The problem >>
Reproduce the records below exactly, but only between the lines holding "THE NORTH FACE" and "usarse lentillas cosméticas?", inclusive.

Study material >>

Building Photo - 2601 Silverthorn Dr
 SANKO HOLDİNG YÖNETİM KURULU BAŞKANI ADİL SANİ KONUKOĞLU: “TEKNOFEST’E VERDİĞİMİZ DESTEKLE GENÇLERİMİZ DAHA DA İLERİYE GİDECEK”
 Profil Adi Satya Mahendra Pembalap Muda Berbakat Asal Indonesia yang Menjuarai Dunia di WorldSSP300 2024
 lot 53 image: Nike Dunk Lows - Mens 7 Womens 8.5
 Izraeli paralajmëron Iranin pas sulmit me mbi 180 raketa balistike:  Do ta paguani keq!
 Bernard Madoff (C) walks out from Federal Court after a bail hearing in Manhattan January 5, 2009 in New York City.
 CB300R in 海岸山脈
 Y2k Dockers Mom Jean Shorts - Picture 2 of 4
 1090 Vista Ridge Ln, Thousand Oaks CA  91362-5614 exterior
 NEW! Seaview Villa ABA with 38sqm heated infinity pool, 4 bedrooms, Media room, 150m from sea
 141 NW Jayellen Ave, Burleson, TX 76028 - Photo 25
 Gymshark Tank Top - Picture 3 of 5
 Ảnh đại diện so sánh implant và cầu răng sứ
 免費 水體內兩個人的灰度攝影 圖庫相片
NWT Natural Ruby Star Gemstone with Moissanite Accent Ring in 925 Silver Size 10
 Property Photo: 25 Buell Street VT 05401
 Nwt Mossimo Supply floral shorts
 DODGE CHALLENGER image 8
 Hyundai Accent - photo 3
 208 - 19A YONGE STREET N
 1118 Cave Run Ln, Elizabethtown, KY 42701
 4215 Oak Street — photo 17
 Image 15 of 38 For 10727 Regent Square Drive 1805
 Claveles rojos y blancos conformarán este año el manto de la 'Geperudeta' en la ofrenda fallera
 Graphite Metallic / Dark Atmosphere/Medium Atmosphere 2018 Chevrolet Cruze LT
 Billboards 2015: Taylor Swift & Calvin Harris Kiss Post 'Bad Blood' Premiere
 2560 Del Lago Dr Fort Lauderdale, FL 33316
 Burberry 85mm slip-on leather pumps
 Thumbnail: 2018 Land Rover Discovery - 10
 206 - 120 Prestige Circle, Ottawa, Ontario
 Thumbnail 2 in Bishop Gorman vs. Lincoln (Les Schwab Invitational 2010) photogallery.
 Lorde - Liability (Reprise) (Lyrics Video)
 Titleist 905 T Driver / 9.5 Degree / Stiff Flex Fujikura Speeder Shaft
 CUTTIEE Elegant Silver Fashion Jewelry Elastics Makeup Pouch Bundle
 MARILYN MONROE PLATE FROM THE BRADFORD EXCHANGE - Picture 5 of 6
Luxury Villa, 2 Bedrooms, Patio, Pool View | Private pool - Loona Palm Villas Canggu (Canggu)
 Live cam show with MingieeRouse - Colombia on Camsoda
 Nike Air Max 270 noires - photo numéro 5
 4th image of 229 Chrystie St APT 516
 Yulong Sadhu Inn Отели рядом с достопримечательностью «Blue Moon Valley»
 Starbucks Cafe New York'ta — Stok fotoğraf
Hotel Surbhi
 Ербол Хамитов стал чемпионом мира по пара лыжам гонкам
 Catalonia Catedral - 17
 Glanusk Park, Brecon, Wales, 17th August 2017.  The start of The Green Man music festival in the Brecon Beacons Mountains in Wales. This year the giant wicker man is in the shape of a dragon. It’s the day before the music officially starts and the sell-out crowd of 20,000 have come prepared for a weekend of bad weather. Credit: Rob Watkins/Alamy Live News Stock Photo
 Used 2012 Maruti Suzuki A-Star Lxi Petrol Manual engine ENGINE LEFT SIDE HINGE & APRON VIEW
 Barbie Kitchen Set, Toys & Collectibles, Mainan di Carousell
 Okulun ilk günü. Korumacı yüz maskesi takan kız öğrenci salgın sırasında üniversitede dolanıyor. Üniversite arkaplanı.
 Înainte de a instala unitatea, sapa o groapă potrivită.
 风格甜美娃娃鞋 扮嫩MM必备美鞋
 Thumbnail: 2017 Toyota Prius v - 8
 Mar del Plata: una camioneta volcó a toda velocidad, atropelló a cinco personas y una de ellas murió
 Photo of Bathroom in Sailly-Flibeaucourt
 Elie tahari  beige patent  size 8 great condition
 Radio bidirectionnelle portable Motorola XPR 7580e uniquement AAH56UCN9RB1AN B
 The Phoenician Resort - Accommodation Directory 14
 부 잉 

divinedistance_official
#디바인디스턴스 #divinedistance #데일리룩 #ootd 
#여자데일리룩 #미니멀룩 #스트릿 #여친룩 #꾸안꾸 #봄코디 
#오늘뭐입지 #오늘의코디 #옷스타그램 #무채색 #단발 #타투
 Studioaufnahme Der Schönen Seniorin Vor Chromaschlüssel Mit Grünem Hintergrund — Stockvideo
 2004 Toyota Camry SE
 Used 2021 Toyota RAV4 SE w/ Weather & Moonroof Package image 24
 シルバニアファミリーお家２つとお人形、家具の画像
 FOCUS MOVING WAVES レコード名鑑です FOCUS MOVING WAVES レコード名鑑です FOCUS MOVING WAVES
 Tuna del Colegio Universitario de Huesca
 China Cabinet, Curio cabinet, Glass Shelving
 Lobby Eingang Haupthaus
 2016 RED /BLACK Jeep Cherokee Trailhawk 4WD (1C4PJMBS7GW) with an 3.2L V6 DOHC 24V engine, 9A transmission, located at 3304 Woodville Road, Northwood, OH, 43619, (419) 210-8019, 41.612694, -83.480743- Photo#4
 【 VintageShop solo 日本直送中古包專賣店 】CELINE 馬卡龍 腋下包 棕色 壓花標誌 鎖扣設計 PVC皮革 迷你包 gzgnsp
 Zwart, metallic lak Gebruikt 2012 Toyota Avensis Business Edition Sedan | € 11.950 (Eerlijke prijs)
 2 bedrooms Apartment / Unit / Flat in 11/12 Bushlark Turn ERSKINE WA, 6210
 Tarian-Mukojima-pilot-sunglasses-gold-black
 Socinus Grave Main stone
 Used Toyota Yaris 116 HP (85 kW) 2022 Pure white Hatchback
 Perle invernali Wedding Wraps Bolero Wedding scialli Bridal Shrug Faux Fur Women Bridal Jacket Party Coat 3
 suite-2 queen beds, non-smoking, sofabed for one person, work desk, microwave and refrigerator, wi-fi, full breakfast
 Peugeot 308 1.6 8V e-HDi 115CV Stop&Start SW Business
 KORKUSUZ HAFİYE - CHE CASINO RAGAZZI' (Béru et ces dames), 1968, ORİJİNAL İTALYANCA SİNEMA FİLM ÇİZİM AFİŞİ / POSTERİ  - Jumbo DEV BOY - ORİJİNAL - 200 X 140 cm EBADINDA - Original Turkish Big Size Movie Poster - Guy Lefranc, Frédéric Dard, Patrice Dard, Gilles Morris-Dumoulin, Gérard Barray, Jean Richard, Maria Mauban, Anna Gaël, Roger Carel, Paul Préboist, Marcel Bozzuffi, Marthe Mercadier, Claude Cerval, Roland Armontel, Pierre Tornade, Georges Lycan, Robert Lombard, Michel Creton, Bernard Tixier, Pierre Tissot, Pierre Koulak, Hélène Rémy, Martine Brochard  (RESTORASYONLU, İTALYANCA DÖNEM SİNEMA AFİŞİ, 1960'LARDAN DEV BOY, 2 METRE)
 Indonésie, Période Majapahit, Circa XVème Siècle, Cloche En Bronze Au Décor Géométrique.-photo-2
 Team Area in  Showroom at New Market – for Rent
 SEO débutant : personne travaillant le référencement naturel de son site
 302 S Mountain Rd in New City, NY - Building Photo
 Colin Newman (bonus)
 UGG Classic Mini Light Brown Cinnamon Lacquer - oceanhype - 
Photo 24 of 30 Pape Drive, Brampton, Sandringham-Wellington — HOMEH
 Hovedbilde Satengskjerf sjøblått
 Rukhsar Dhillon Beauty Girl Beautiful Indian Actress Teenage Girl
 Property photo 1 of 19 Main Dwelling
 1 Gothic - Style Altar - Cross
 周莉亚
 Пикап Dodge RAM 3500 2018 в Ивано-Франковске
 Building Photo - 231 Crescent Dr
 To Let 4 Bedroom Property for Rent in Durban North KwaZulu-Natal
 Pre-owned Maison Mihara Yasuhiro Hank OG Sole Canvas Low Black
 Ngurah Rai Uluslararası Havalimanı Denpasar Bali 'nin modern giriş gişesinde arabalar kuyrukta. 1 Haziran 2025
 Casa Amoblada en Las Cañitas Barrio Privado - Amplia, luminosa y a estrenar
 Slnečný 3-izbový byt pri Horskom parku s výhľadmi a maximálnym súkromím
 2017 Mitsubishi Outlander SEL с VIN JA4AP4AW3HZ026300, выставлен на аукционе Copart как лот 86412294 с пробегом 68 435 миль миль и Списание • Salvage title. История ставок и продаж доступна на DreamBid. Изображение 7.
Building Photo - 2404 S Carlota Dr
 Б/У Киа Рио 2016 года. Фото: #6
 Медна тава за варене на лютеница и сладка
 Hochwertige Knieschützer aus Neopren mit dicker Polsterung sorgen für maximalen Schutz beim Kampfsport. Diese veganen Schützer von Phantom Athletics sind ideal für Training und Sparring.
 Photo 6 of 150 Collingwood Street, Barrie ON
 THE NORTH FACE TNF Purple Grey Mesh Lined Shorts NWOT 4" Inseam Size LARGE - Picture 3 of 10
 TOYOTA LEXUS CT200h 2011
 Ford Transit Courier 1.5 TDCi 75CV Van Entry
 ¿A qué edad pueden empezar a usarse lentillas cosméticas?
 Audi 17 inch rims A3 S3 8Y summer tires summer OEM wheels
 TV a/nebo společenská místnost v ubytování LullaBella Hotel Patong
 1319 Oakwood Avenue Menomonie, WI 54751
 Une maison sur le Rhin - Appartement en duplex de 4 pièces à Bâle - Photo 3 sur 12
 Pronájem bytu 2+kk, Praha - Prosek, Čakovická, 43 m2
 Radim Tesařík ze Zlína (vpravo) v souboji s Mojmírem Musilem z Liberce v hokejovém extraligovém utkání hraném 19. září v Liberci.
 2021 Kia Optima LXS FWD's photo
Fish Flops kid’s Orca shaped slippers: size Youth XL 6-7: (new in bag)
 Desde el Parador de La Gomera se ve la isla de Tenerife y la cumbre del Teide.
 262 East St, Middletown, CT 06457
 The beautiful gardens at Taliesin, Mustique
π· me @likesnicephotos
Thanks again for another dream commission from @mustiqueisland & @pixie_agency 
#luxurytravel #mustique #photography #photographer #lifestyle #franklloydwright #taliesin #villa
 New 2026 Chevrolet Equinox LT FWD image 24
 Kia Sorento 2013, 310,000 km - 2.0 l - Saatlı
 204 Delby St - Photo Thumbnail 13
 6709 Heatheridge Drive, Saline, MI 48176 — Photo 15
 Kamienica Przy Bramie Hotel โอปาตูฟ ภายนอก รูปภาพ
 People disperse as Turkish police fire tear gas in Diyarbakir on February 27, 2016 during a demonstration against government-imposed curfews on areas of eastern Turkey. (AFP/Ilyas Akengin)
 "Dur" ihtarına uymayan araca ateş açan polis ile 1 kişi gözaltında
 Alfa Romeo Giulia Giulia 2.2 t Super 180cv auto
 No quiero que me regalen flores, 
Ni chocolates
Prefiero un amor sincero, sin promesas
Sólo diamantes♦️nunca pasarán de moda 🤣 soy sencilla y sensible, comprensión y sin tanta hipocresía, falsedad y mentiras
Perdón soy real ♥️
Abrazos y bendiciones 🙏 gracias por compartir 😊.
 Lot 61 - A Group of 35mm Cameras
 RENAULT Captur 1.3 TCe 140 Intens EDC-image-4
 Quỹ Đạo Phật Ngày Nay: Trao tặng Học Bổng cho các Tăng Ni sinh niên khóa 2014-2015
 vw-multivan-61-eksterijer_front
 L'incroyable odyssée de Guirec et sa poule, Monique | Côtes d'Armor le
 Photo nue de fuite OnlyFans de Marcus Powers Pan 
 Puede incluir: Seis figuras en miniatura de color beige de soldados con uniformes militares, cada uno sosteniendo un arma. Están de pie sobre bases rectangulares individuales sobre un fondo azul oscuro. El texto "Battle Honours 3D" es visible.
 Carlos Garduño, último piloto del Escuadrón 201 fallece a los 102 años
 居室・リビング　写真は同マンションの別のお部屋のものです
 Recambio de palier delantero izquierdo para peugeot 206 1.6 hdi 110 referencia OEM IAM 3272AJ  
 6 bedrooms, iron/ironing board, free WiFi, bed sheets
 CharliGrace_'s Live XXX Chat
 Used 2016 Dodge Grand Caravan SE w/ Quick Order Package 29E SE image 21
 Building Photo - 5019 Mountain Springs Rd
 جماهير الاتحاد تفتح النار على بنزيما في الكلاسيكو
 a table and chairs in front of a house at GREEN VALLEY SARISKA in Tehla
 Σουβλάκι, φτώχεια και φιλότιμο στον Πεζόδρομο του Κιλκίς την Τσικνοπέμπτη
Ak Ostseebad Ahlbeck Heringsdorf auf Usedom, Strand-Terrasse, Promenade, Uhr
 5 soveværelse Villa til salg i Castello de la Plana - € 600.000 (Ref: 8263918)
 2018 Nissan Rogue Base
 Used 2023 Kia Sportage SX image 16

Task solution >>
 THE NORTH FACE TNF Purple Grey Mesh Lined Shorts NWOT 4" Inseam Size LARGE - Picture 3 of 10
 TOYOTA LEXUS CT200h 2011
 Ford Transit Courier 1.5 TDCi 75CV Van Entry
 ¿A qué edad pueden empezar a usarse lentillas cosméticas?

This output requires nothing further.